• PROBLEM TO WORK ON: All of the lines below are to be transcribed faithfully, with pictures excluded from the copy.

• RECORDS PROVIDED:
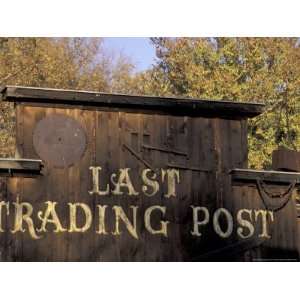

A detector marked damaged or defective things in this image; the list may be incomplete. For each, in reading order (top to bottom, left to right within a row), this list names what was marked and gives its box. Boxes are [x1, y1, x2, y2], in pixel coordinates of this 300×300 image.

rusty metal circle [33, 113, 86, 168]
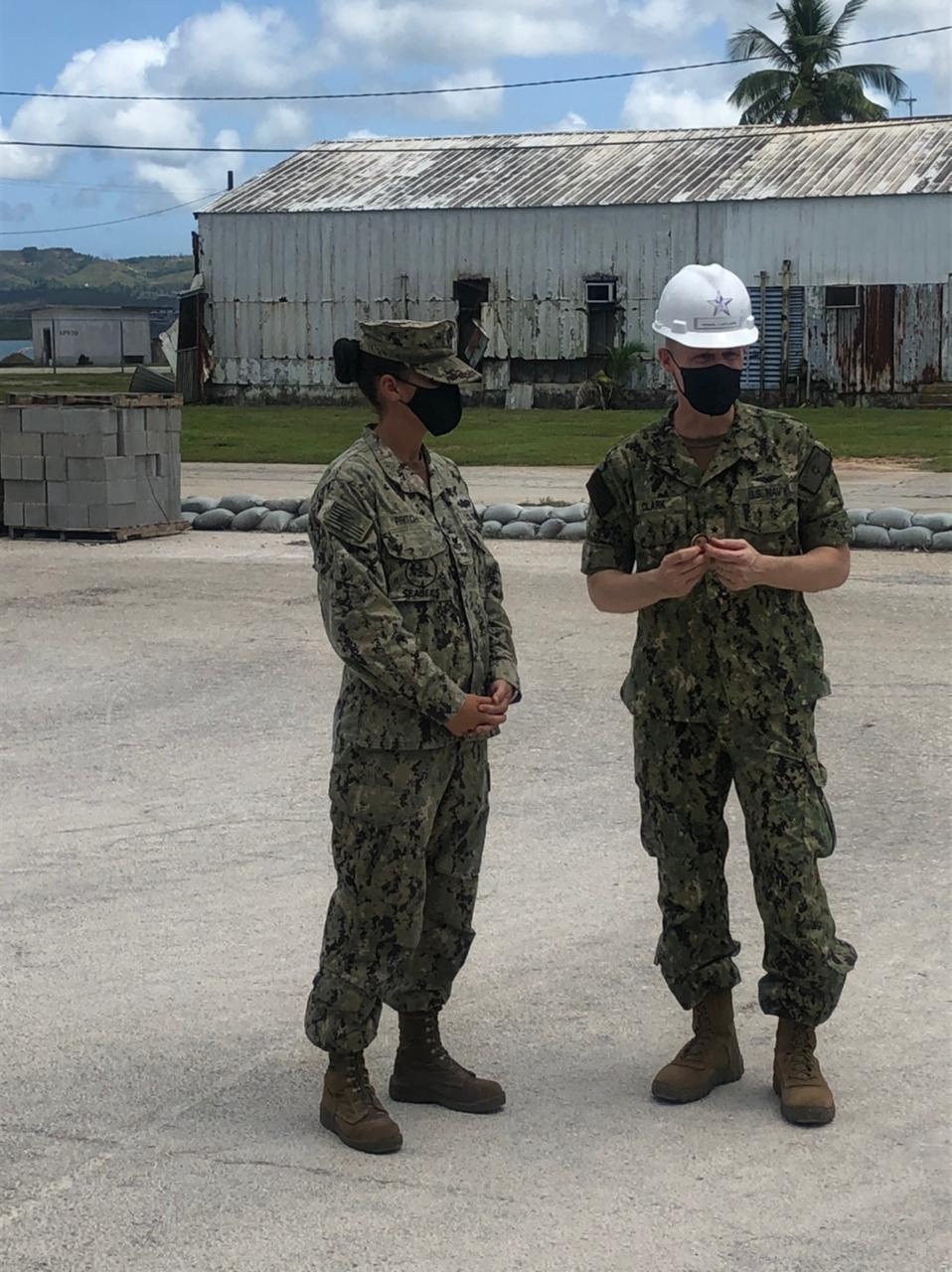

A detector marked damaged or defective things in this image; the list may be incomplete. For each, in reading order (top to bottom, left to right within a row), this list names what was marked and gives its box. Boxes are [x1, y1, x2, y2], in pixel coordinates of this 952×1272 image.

rusty metal roof [202, 118, 951, 215]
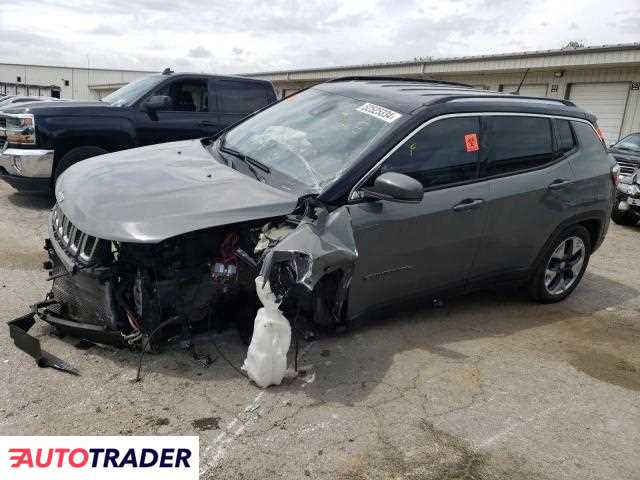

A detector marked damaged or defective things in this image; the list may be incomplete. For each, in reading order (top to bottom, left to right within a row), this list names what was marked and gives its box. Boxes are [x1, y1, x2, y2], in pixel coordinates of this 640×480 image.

broken headlight [5, 113, 36, 145]
crumpled hood [53, 140, 298, 244]
damaged front end [10, 199, 358, 382]
cracked concrete ground [0, 181, 636, 480]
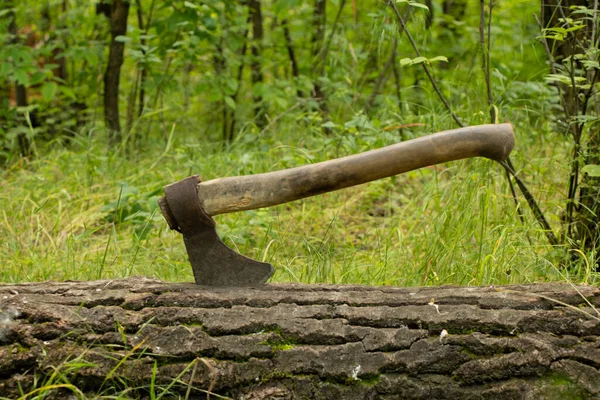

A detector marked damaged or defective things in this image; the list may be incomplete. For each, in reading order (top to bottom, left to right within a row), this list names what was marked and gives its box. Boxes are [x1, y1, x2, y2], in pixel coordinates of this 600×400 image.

rusty axe head [159, 123, 516, 286]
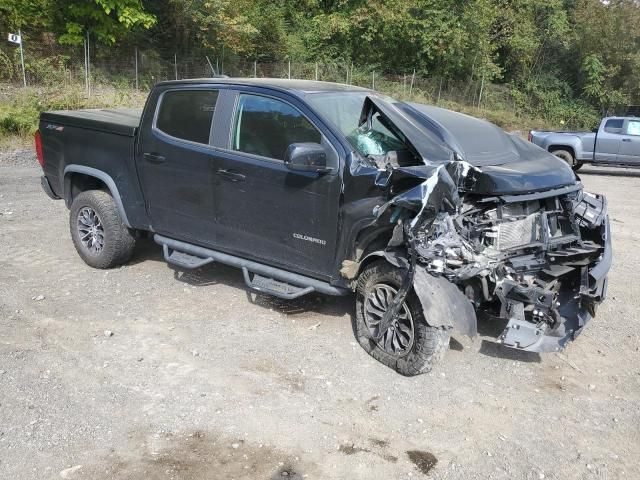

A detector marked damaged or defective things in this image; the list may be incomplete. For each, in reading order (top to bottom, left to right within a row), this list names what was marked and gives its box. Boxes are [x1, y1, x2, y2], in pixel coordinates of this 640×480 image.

shattered windshield [306, 91, 404, 156]
crushed hood [364, 97, 580, 195]
detached fender liner [154, 234, 350, 298]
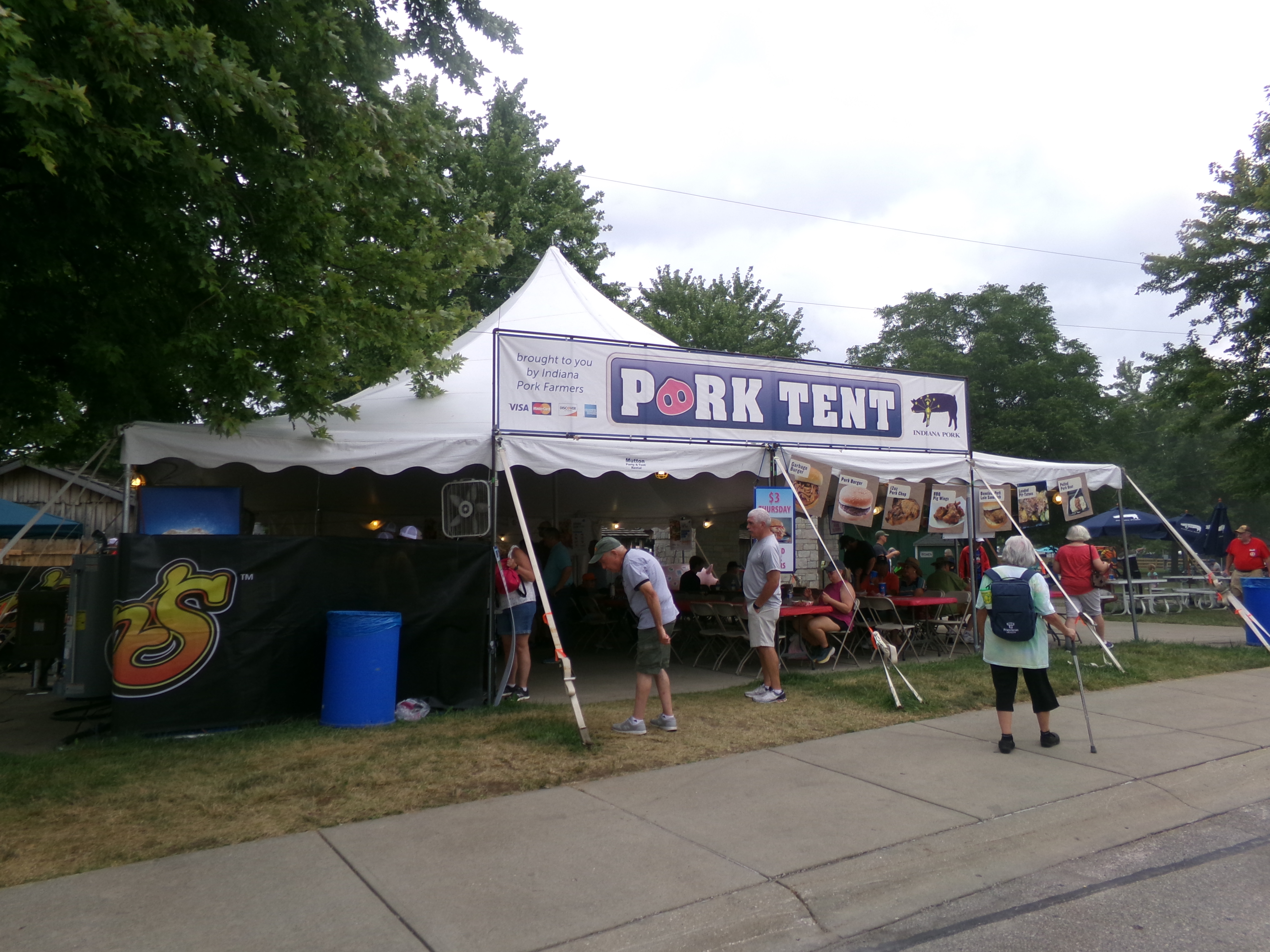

• RESPONSE TO THE EXERCISE:
A detector marked damaged or defective things in this image; the list may be incomplete. For each, in reading order (top to bottom, left to right within a row), this list names what was marked and gives its box. Boxes are [x1, y1, x2, y2], in pixel coordinates of this 300×300 image.

rusty metal circle [33, 113, 86, 168]

A detector marked damaged or defective things in this image; the list may be incomplete. For each, in reading order (top to bottom, left to right within a row), this list names what was marked and gives its box. Boxes are [x1, y1, x2, y2], in pixel coordinates of this 952×1272 image.

rusty metal roof [202, 118, 951, 215]

A detector marked damaged or defective things in this image; the list may be incomplete. For each, in reading order (top to bottom, left to right within a row), this list names what was marked and gives its box. Boxes are [x1, y1, x2, y2], in pixel coordinates of this 640×480 image.

broken headlight [5, 113, 36, 145]
crumpled hood [53, 140, 298, 244]
damaged front end [10, 199, 358, 382]
cracked concrete ground [0, 181, 636, 480]

A detector marked damaged or defective things in this image; the list may be incomplete. For each, in reading order (top to bottom, left to right within a row), this list names what was marked and gives its box. Boxes are [x1, y1, x2, y2], in pixel coordinates of this 600×400 image.

rusty axe head [159, 123, 516, 286]

A detector marked damaged or defective things in this image; the list may be incomplete. For each, in reading order (top to bottom, left to right within a row), this list names what was marked and gives its box. Boxes are [x1, y1, x2, y2], in pixel coordinates of this 640×480 image.

shattered windshield [306, 91, 404, 156]
crushed hood [364, 97, 580, 195]
detached fender liner [154, 234, 350, 298]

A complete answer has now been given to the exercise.